Evaluation for Micro Economics

Evaluation is the ability to look at issues from a critical perspective; to look at other potential outcomes. Evaluation questions will typically begin with words like, discuss, evaluate, to what extent, assess.

These are some ways to get evaluation marks for microeconomics. (note there are potentially more ways to evaluate but this gives a few ideas)


1. Elasticity. e.g the effect of a tax increase depends upon the elasticity of demand. If demand for cigarettes is inelastic, a tax will be relatively ineffective in reducing demand. However, if demand for a good is quite price elastic, then a tax increase will reduce demand significantly. If we look at the effect of a minimum wage or trade union, the impact will also depend on the elasticity of demand. For example, if demand and supply are inelastic, then the impact of a minimum wage on unemployment will be relatively small.

The impact of a subsidy depends on the elasticity of demand


If demand is price elastic (e.g. diagram on the left, then a subsidy causes a bigger percentage change in demand. If demand is price inelastic, then a subsidy only causes a small rise in demand.

2. Significance A rise in the price of oil has a significant impact on the costs of firms. A rise in the price of water is much less significant.

For example What is the impact of a rise in the price of coffee beans on coffee shops like Starbucks? Estimates suggest that coffee beans only account for 2% of the final price of a Starbucks, therefore it will be relatively insignificant. Starbucks would be more greatly affected by a change in city centre rents or an increase in the minimum wage.

For a question on – discuss why women get lower wages than men, you could one reason why women get lower paid than men is men tend to gain more qualifications. However, this point is relatively insignificant because women’s academic qualifications have, more or less, caught up with men and so this point is no longer so significant as it was 40 years ago.

3. Depends on the industry. If we are examining whether a merger is in the public interest, it depends very much on the industry in question. For example a merger between two firms in the car industry may enable significant economies of scale, because in that industry there are high fixed costs. However, if the merger was between two firms in the retail business, the scope for economies of scale is much less. Therefore, the Competition and Markets Authority will look at the scope for economies of scale in the industry.



4. Short Term / Long Term. The impact of a rise in oil prices in the short term is likely to involve only a small fall in demand because demand is inelastic. But, over time demand becomes more elastic as people start to find alternatives to oil, such as hybrid cars. Therefore, the effect of rising oil prices will be different in the long term to the short term.

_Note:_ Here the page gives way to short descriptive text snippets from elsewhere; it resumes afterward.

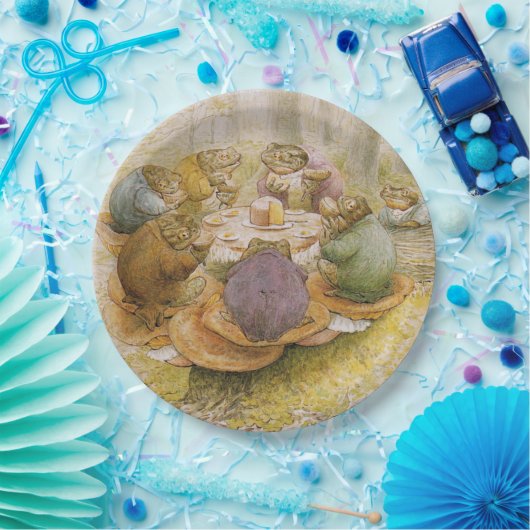 Das Tee-Party der Toads (von Beatrix Potter) Pappteller (Party)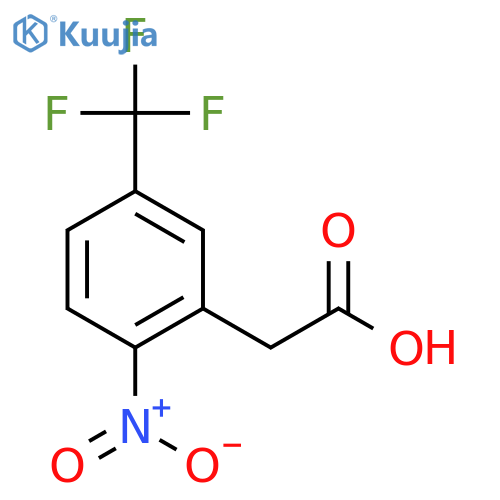 2-Nitro-5-(trifluoromethyl)phenylacetic Acid structure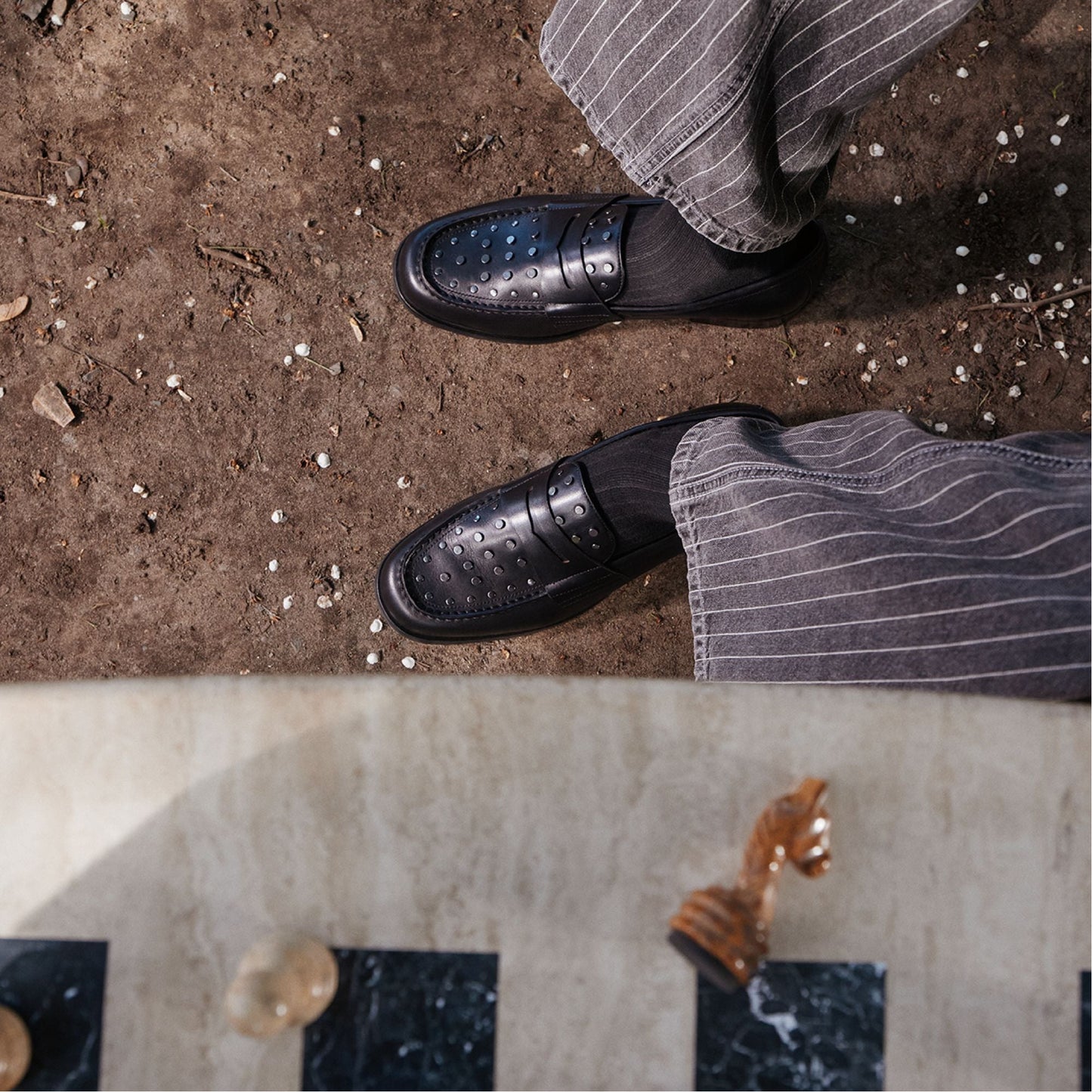 Keifer Black/Silver Multi Men's Dress Shoes - Loafer - Black/silver multi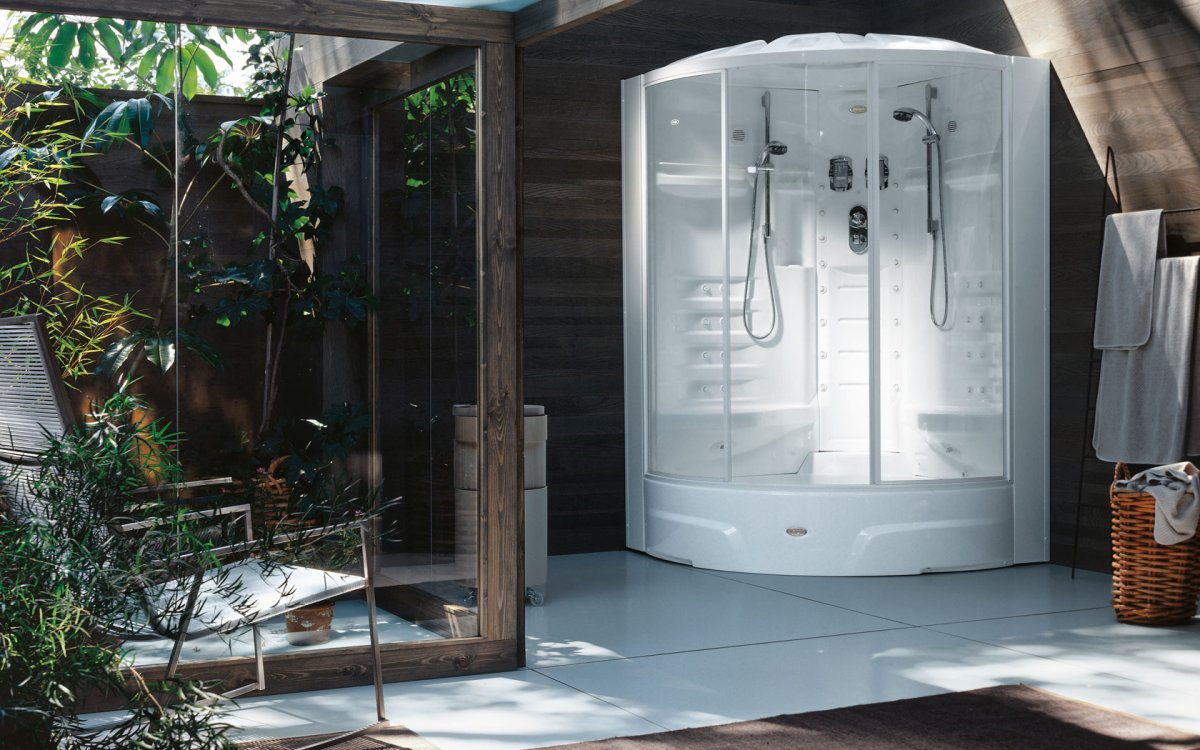 Душевая кабина Jacuzzi Flexa Double elt8 140см*140см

higher-price-oil-elasticity-time-lag In the short-term, demand

5. Government intervention may always lead to government failure

E.g. government subsidies may encourage inefficiency because firms start to rely on government handouts. This is an unintended consequence. The EU Common Agricultural Policy (CAP) involved subsidies to ensure minimum prices but this caused an increase in supply and the cost proved much higher than expected.

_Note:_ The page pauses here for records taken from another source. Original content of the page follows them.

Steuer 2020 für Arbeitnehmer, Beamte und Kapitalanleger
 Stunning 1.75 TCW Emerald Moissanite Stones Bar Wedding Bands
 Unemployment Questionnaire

6. Depends on market structure

The effect of a trade union depends on whether it is operating in a competitive market or monopsonistic market.

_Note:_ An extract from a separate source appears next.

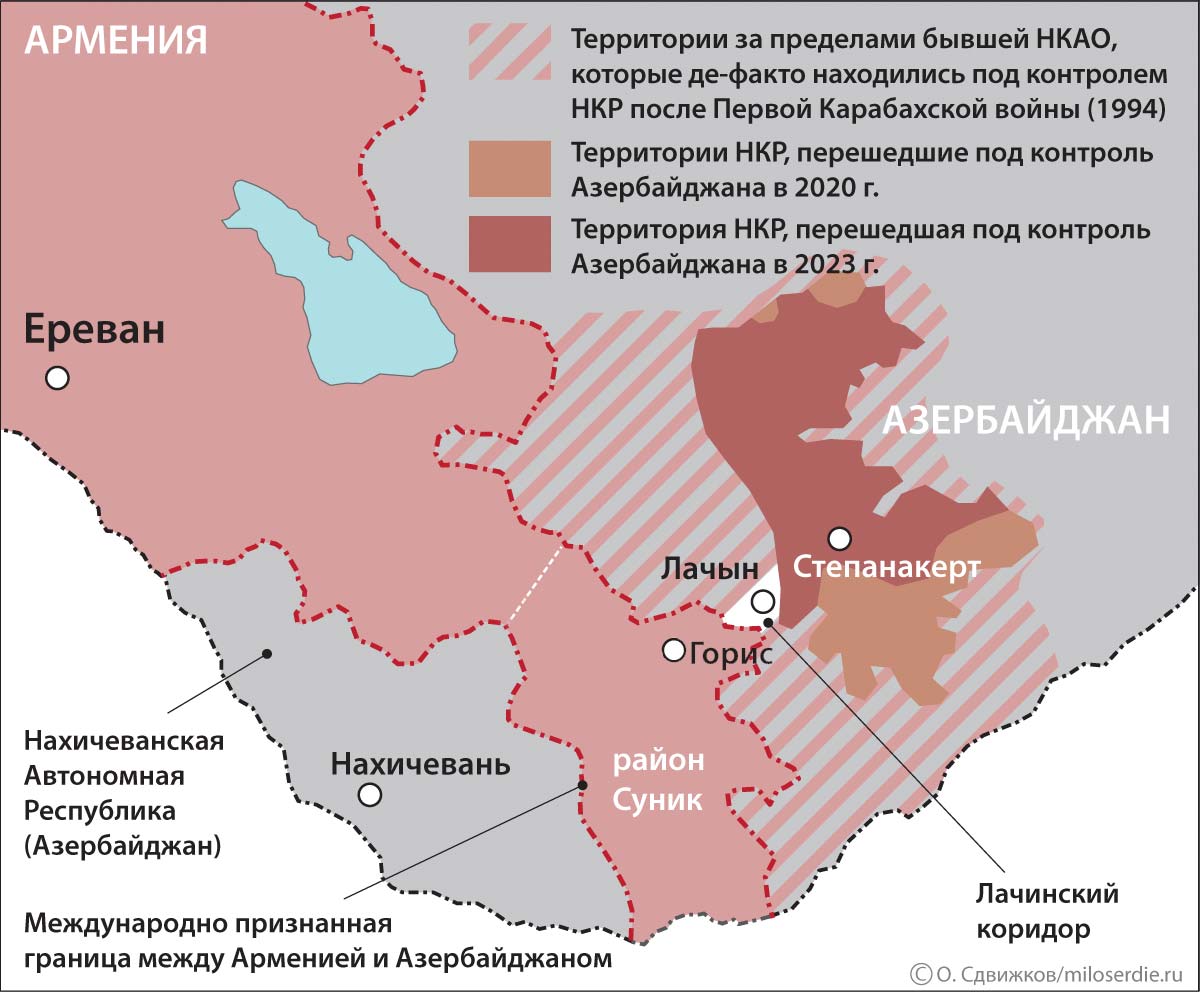 Нагорный карабах на карте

In a monopsony a minimum wage of W3 doesn’t cause unemployment as a monopsony pays W2.

7. Depends on the objective of firms

For example, a profit maximising firm is more likely to collude. A firm seeking to maximise market share is more likely to start a price war. Useful for a question on – Discuss how firms in Oligopoly compete?

See: Objectives of firms

8. Depends on contestability of market

A merger may be OK, if the market remains contestable. But, if there are barriers to entry the merger may reduce competition too much.